2016-05-23 21:28:19 | 日記
 毎度!ねずみだ。

 先日、妻と表参道に出掛ける機会があった。

 休日になると沢山の人でごった返す場所である。昔から若い人たちで一杯になる街だったが、最近は半分以上が外国籍の方々だ。本当にここは日本なのか、と我が目を疑うほど。

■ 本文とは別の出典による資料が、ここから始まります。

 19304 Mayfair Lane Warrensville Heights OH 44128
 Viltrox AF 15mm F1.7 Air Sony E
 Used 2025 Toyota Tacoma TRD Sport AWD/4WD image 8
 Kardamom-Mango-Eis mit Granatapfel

 表参道の中程で常時新潟物産展をやっている。其処の地下でへぎ蕎麦を食べさせる店があり、何度か利用しているので今回も其処で蕎麦を食べることに。
 案内されたテーブルに座ってオーダーを終えて暫くすると、隣に西洋人の夫婦が座った。メニューを覗き込み何やら話し合っている。聞いているとどうやら英語やフランス語ではない。
 
 私には困っている他人(特に外国人)を見るとお節介の虫が動き出す癖がある。ついつい「何か困っているのか?」と英語で問いかけると、やはり英語で「どれにしようか迷っているし、どういうオプションがあるのかよく判らない。」との答えが返ってきた。 
 聞くところによるとこの夫婦はイタリアからの旅行客で一週間の滞在だそうだ。成る程彼らの話す英語が分かりやすかったのはネイティブイングリッシュではなかったからか。(個人的な意見かもしれないが、ネイティブでない者同士の英会話は発音・センテンスの短さ・話すスピードの遅さ、という点から理解しやすい。)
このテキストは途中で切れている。